Spark SQL:function.array的数据类型问题记
2022-01-27 本文已影响0人
xiaogp
摘要:Spark SQL
问题复现
需要对Spark SQL的DataFrame的一列做groupBy聚合其他所有特征,处理方式是将其他所有特征使用function.array
配合function.collect_list
聚合为数组,代码如下
val joinData = data.join(announCountData, Seq("ent_name"), "left_outer").groupBy($"ent_name")
.agg(collect_list(array("publish_date", "target_amt", "case_position", "case_reason", "plaintiff")).as("items"))
.map {
row => {
// 初始化
var involvedCount: Int = 0
var involvedCountLast360: Int = 0
var involvedDefendantCount: Int = 0
var involvedDefendantCountLast360: Int = 0
var lzjfCount: Int = 0
var lzjfCountLast360: Int = 0
var msqqCount: Int = 0
var msqqCountLast360: Int = 0
// 解析
val entName: String = row.getAs[String]("ent_name")
val items: Seq[Seq[String]] = row.getAs[Seq[Seq[String]]]("items")
for (item: Seq[String] <- items) {
if (item.head != null) {
val createCaseDate: String = item.head.split(" ")(0)
val casePosition: String = item(1)
val caseReason: String = item(2)
val plaintiff: String = item(3)
// TODO 业务统计逻辑
}
}
// 统计结果输出
(entName, involvedCount, involvedCountInc, involvedDefendantCount, involvedDefendantCountInc, lzjfCount, lzjfCountInc,
msqqCount, msqqCountInc)
}
}.toDF("ent_name", "involved_count", "involved_count_inc", "involved_defendant_count", "involved_defendant_count_inc",
"lzjf_count", "lzjf_count_inc", "msqq_count", "msqq_count_inc")
执行会报错
org.apache.spark.sql.AnalysisException: ...

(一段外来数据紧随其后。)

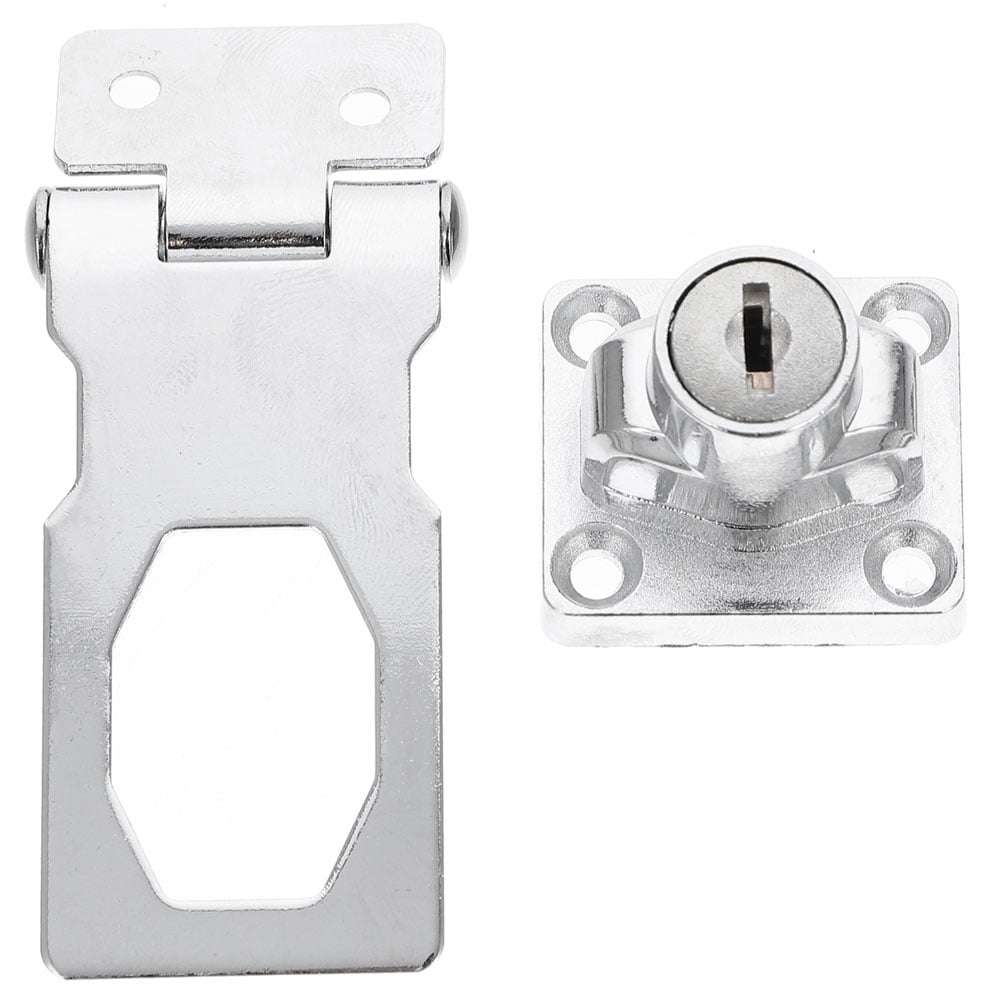 Stainless Steel Hasp Lock Catch Latch Safety Lock Keyed Hasp Locks for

due to data type mismatch: input to function array should all be the same type,
but it's [timestamp, double, string, string, string];;
报错说的很清楚,array函数内的列数据类型不一致,看下原始数据的数据类型
scala> announAmountData.printSchema
|-- ent_name: string (nullable = true)
|-- publish_date: timestamp (nullable = true)
|-- target_amt: double (nullable = true)
|-- case_position: string (nullable = true)
|-- case_reason: string (nullable = true)
|-- plaintiff: string (nullable = true)
里面包含string,double,timestamp三种类型,因此报错可以理解了,但是我发现这个问题的出现不是绝对的,因为类似这样的代码写了好多回,也有各种类型的数据类型,没有出过错(我怀疑array会自定将非string列改为string),理论上应该一起报错才对,下面开始测试一下
function.array测试
下面分别测试一下string,double,timestamp在使用array的各种场景下哪些会报错类型不一致
scala> val a = Seq(("a", "2021-01-1", 3.3, "1"),("b", "2022-01-01", 4.4, "2")).toDF("a", "b", "c", "d")
a: org.apache.spark.sql.DataFrame = [a: string, b: string ... 2 more fields]
scala> val b = a.select($"a", $"b".cast("timestamp"), $"c", $"d")
b: org.apache.spark.sql.DataFrame = [a: string, b: timestamp ... 2 more fields]
scala> b.printSchema
root
|-- a: string (nullable = true)
|-- b: timestamp (nullable = true)
|-- c: double (nullable = false)
|-- d: string (nullable = true)
(1)array(timestamp, string)和array(string, timestamp)
scala> b.withColumn("e", array("b", "d"))
res51: org.apache.spark.sql.DataFrame = [a: string, b: timestamp ... 2 more fields]
scala> b.withColumn("e", array("d", "b"))
res52: org.apache.spark.sql.DataFrame = [a: string, b: timestamp ... 2 more fields]
scala> b.withColumn("e", array("d", "b")).show(false)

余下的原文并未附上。